I was studying surface tension recently. Rain drops or bubbles of any kind which form are always of a spherical shape.

This is because the liquid tries to minimize the surface area as the molecules on the surface have higher potential energy. The shape which most efficiently manages to do this is a sphere. This is the part I didn't understand; how exactly do we reach the conclusion that a sphere would be the most efficient shape? Why couldn't it be any other shape?


The units of surface tension are $[N/m]=[J/m^2]$ which means surface tension can be interpreted as the energy cost of creating additional surface area. Imagine any shape in equilibrium; increasing its surface area will require an energy input to overcome surface tensile forces before it reaches a new equilibrium.

Now per volume the surface area of a cube of side $s$ is $a_c = \frac{6s^2}{s^3} = \frac{6}{s}$ whilst a sphere of radius $r$ is $a_s = \frac{4\pi r^2}{\frac{4}{3}\pi r^3} = \frac{3}{r}$. So for equal volumes $s^3=\frac{4}{3}\pi r^3\rightarrow \frac{s}{r} = \sqrt[3]{\frac{4}{3}\pi}$ we find: $$\frac{a_s}{a_c} = \frac{1}{2}\frac{s}{r} = \sqrt[3]{\frac{\pi}{6}}<1$$

which mathematically shows that the specific surface area of a sphere is less than that of a cube. In fact this can be shown for any shape:

enter image description here

As you can see the shape of a sphere has the lowest possible surface area to volume ratio and therefor requires the least energy to maintain its shape. The minimization of energy cost is usually what drives the physical world, hence natural objects like bubbles and raindrops tend to a spherical shape.

  • $\begingroup$ Does this answer require exhaustive testing of all possible shapes to satisfy the OP's question? $\endgroup$ – DJohnM Nov 30 '15 at 1:44
  • $\begingroup$ @DJohnM With the details in this answer, Yes you would need to test all shapes. However, you can in fact write down a hamiltonian for the surface energy and solve that under the constraint of constant volume (technically mass), this will return a sphere. $\endgroup$ – Michiel Dec 1 '15 at 19:44
  • $\begingroup$ Beautifully presented. $\endgroup$ – bonCodigo Oct 2 '16 at 3:44
  • $\begingroup$ Could you add a bit of explanation to the math (why s/r is important and how you get the final relation 1/2 * s/r. Thanks. $\endgroup$ – afuna Nov 24 '18 at 19:20
  • $\begingroup$ @afuna s/r is the ratio between the sides of a cube and the radius of sphere which should equal that value for the cube and sphere to have the same volume. The final relation is simply the ratio of surface areas per volume of the cube and sphere stated earlier. $\endgroup$ – nluigi Nov 25 '18 at 12:05

$\mathbf{Geometrical \ approach}:$ Each point on the surface of a sphere is at an equal distance (equal to radius) from the center this results in the minimum surface area for a given volume. This can be proved analytically by comparing the surface area of a sphere with that of any other geometrical shape for a given volume.

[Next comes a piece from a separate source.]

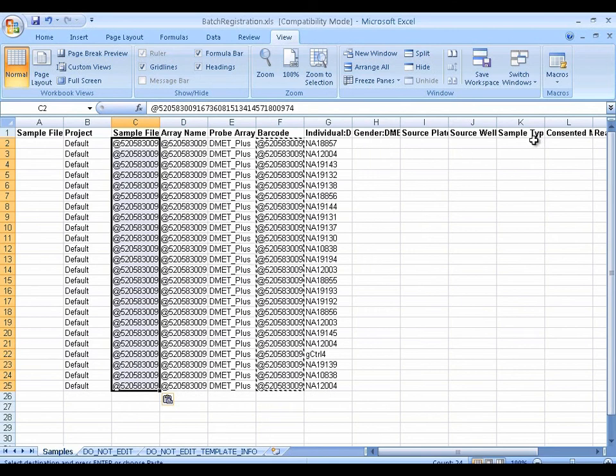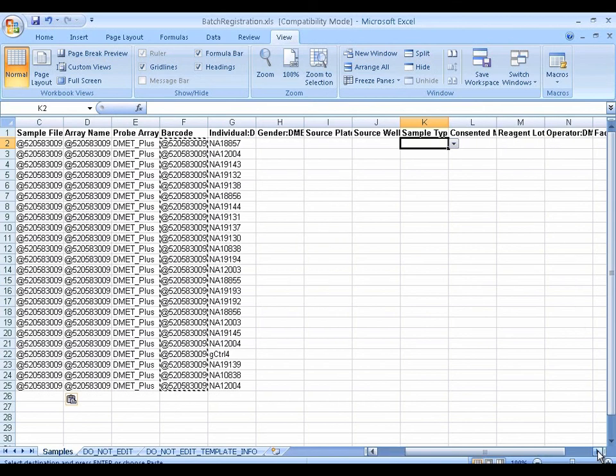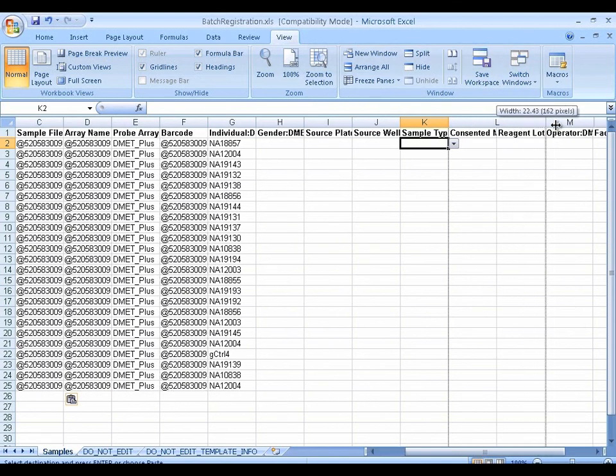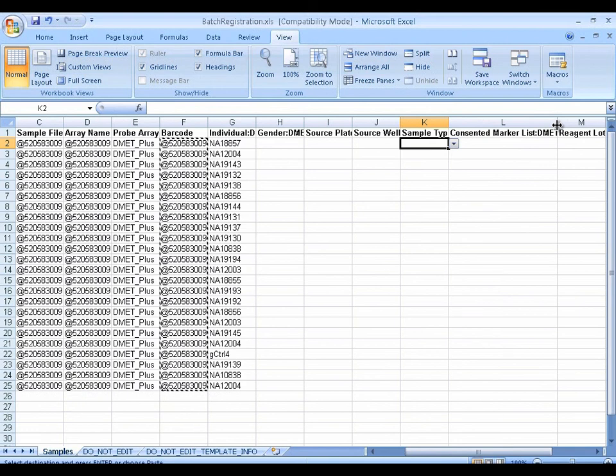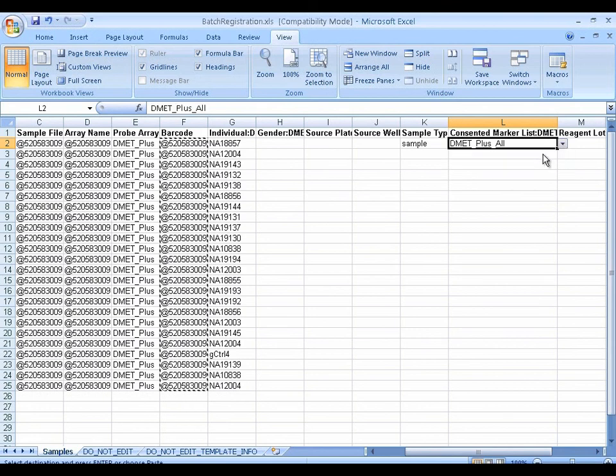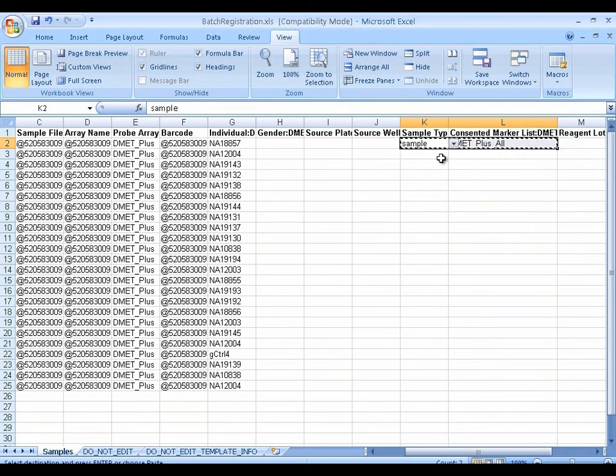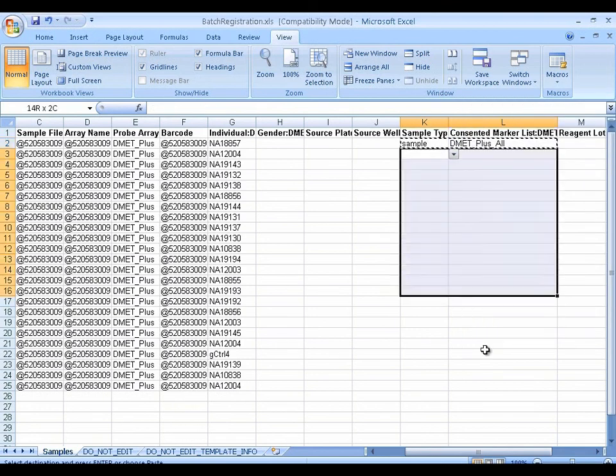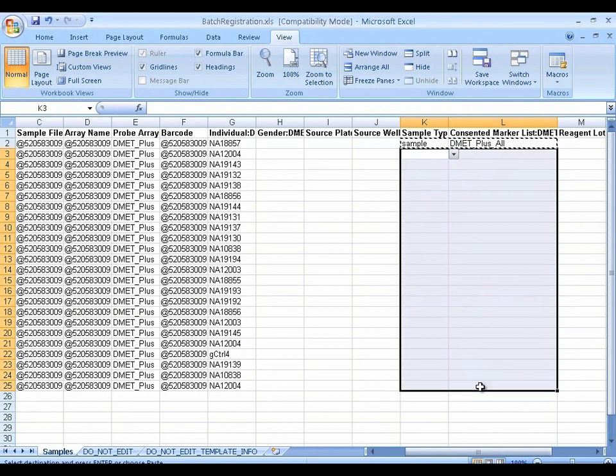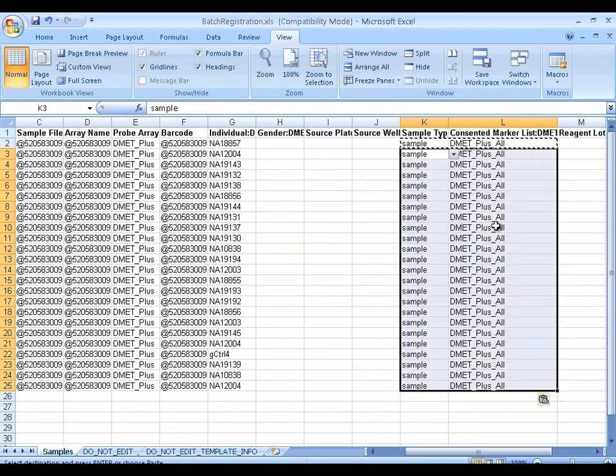And now for the required fields, we have sample type and consented marker list. Sample type, mostly sample, consented marker list, DMET plus all. Let me populate this all.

For example, let's compare the surface areas of a sphere & a cube for a given volume say $V$ of the drop,

For the sphere of a radius $r$ $$\frac{4\pi}{3}r^3=V\implies r=\left(\frac{3V}{4\pi}\right)^{1/3}$$ surface area of the sphere $\color{red}{S_1}=4\pi r^2=4\pi\left(\frac{3V}{4\pi}\right)^{2/3}=\color{red}{\left(\frac{9}{2\sqrt \pi}\right)^{1/3}V^{2/3}\approx1.36 V^{2/3}}$

For a cube with edge length $a$ $$a^3=V\implies a=V^{1/3}$$ surface area of the cube $\color{blue}{S_2}=6 a^2=\color{blue}{6V^{2/3}}$

Comparing surface areas, $\color{red}{S_1}<\color{blue}{S_2}$ i.e. the surface area of a sphere is smaller than that of a cube for a given volume

Similarly, we can analytically compare surface area of a sphere with that of any other geometrical shape.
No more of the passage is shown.